No comércio exterior, ainda é comum a ideia de que a correta classificação na NCM (Nomenclatura Comum do Mercosul) resolve grande parte do processo. De fato, a classificação fiscal é um dos pilares da importação e uma etapa fundamental para o correto enquadramento tributário da mercadoria.
Mas, no Novo Processo de Importação, contar apenas com a NCM correta não é suficiente. Sozinha, ela não garante que o despacho aduaneiro ocorrerá sem intercorrências, podendo resultar em exigências, retrabalho e atrasos na operação.
Isso acontece porque hoje a análise da RF vai além da classificação fiscal. Ela também considera os atributos do produto, que são as informações específicas e detalhadas associadas à NCM dentro do Catálogo de Produtos do PUCOMEX.
E é exatamente aqui que muitas empresas acabam enfrentando problemas.
O que são atributos no comércio exterior
Os atributos são informações adicionais que descrevem características específicas do produto. Eles ajudam os órgãos governamentais a entender exatamente o que está sendo importado.
Dependendo da NCM, o sistema pode exigir dados como:
- Composição do produto
- Finalidade de uso
- Material predominante
- Potência, medida ou capacidade
- Tipo de aplicação
Esses detalhes são importantes porque diferentes produtos dentro da mesma NCM (Nomenclatura Comum do Mercosul) podem ter tratamentos administrativos distintos.
Isso acontece porque os órgãos anuentes e a Receita Federal precisam identificar com precisão qual produto está sendo importado, mesmo quando diferentes mercadorias compartilham a mesma classificação fiscal.
Em outras palavras: dois produtos podem ter a mesma NCM, mas exigirem controles, informações e validações diferentes ao longo do processo de importação.
Quando a NCM está certa, mas o atributo está errado?
É aqui que surge uma situação muito comum nas operações de importação: a NCM está correta, mas algum atributo foi preenchido de forma incorreta ou incompleta.
Quando isso acontece, inconsistências entre a classificação fiscal e as informações declaradas podem ser identificadas. O resultado costuma ser uma exigência na declaração de importação, atrasando o processo e exigindo correções.
Na prática, isso significa:
- Revisão das informações enviadas
- Atraso na análise da declaração
- Retrabalho para a equipe de comércio exterior
- Possível impacto no prazo de liberação da carga
E tudo isso pode acontecer mesmo quando a classificação fiscal foi feita corretamente.
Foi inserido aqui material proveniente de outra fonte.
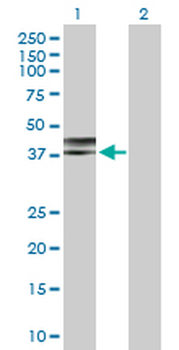 NDEL1 purified MaxPab rabbit polyclonal antibody (D01P)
Por que os atributos ganharam tanta importância?
Com a chegada da DUIMP e do Novo Processo de Importação, o governo passou a trabalhar com um modelo muito mais baseado em dados.
Hoje, o Catálogo de Produtos funciona como a base de informações que alimenta toda a operação. Quando o cadastro está correto e bem estruturado, validações são realizadas de forma automática.
Mas quando existem inconsistências entre NCM e atributos, o processo perde eficiência e aumenta o risco de exigências.
Por isso, cada vez mais empresas estão percebendo que a gestão de dados se tornou parte estratégica do comércio exterior.
O papel do Catálogo de Produtos nesse cenário
O Catálogo de Produtos no PUCOMEX foi criado justamente para organizar essas informações de forma estruturada para a empresa ganhar:
- Mais controle sobre as informações do produto
- Maior padronização de dados
- Menos retrabalho no registro das DUIMP’s
- Mais previsibilidade nas operações
Mas para isso funcionar, é essencial garantir que NCM e atributos estejam alinhados.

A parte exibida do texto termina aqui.